Your output should be the entries below, from the first line up to and including the line with "BMW 118i Schwarz", reproduced exactly and with no other lines.

# Record set:
────

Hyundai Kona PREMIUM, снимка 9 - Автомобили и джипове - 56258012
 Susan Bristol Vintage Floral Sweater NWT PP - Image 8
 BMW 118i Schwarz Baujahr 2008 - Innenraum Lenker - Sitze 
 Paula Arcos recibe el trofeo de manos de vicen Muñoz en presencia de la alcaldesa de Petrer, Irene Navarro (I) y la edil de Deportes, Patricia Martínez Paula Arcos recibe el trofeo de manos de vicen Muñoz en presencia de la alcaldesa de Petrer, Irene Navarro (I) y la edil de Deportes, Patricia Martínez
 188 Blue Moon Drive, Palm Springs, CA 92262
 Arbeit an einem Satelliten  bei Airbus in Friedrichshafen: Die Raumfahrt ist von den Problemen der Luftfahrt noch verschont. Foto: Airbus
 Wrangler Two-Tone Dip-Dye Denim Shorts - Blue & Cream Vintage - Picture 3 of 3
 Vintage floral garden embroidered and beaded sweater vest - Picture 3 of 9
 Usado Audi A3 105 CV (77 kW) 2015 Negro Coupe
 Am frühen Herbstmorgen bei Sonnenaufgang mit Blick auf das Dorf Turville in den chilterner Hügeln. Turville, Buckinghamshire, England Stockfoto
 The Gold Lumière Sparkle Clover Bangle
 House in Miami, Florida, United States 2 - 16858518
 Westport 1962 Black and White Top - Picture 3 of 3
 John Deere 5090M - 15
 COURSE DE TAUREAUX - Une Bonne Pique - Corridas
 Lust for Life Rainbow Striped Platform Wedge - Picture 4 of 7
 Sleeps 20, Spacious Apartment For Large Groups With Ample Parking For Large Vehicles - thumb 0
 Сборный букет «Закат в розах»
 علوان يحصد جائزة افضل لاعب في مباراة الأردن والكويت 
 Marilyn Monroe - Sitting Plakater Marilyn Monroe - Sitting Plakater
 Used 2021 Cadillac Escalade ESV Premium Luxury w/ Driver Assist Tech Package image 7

────

# Solution to the problem:
Hyundai Kona PREMIUM, снимка 9 - Автомобили и джипове - 56258012
 Susan Bristol Vintage Floral Sweater NWT PP - Image 8
 BMW 118i Schwarz Baujahr 2008 - Innenraum Lenker - Sitze 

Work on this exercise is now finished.